The Reserve Bank of India (“RBI”) on Tuesday 14 September, 2010 issued a circular1 informing banks to enforce, with greater rigor, reporting requirements in connection with the issue of Foreign Direct Investment instrument (equity shares, fully and mandatorily convertible preference shares and debentures under the FDI Scheme) and the receipt of consideration for such issue.
Under prevailing foreign exchange laws, an Indian company receiving investment from outside India for issuing FDI instruments, must report the details of the amount of consideration, through a bank authorised by law (“AD Category - I bank”) to receive such remittances along with certain other documents (inward remittance receipt and KYC report) within 30 days from the date of receipt of the amount of consideration.
Further, the Indian company on issuing the FDI instruments to the non-resident investor was required to report the same in Form FC-GPR to the Regional Office concerned of the Reserve Bank within 30 days from the date of issue of shares.
Prior to December 14, 2007, a general permission was available for Indian companies to refund amounts received towards purchase of shares at any point of time after receiving remittances for the FDI instrument. Hence , it was a practice among many companies to receive funds as share consideration in advance and to refund the same, say two or three years later, without issuing shares – in effect, an external commercial borrowing.
In order to curb this practice, in December 2007, the RBI directed that FDI instruments should be issued within 180 days (i.e. approximately six months) of the receipt of the inward remittance.
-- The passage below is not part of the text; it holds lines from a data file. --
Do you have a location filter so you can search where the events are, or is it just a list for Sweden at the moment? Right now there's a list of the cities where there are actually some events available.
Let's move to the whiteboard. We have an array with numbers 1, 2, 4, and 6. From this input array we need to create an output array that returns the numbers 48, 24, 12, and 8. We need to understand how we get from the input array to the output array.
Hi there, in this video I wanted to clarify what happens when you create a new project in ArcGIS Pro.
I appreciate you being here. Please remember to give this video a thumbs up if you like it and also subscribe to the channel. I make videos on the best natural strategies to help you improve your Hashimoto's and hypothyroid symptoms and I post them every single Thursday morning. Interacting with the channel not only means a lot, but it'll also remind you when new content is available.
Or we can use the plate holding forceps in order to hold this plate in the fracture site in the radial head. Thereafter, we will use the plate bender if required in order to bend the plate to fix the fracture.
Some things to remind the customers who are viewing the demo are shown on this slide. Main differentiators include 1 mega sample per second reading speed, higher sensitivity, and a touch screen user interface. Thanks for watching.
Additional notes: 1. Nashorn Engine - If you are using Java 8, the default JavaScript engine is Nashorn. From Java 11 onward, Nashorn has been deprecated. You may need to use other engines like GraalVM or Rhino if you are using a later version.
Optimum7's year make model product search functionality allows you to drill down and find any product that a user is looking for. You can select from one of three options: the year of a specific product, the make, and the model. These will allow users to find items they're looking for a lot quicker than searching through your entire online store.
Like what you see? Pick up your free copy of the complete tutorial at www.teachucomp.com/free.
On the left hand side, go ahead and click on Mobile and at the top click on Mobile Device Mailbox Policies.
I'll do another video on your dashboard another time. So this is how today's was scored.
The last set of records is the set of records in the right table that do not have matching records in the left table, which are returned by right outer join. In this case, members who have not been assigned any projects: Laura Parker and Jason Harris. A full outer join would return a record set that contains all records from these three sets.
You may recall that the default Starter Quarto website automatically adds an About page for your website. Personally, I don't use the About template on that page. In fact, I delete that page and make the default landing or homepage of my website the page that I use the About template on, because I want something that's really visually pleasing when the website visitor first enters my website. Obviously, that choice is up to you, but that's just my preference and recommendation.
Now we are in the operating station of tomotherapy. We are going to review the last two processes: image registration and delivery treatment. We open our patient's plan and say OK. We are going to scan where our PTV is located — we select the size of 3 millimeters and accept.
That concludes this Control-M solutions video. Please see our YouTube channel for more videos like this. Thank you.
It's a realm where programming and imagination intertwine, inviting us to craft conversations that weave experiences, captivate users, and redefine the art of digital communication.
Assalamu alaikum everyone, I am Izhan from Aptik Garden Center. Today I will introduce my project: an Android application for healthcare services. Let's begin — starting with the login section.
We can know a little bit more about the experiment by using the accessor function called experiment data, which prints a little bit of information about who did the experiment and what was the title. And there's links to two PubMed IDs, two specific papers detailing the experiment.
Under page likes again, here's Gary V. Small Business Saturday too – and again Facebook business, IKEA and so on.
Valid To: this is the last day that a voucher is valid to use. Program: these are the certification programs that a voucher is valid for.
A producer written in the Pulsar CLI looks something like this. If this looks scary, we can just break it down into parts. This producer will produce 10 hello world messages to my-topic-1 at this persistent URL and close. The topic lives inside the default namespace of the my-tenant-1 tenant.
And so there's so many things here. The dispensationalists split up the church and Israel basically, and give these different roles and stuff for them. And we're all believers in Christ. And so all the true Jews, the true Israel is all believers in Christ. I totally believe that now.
The RBI also directed that in the event a company failed to issue the FDI instrument within that period, the amount of consideration had to be mandatorily refunded to the non-resident investor without interest.
The RBI has now clarified that FDI being an important component of the Balance of Payment (“BoP”) statistics, which RBI compiles and publishes on a quarterly basis, any delay in submission of the FDI data results in under-reporting of FDI in the BoP statistics. RBI has advised AD Category - I banks to sensitise and impress upon their clients the importance of strict adherence to the FDI reporting requirements including KYC report and has suggested that banks monitor the reported inward remittances and the subsequent issue of shares or refund of share application money by the companies.
Therefore, non-compliance with the above provision would be reckoned as a contravention under FEMA, 1999. As a consequence of this direction, Indian companies are likely to face stricter monitoring of their share transactions from their authorized dealer banks.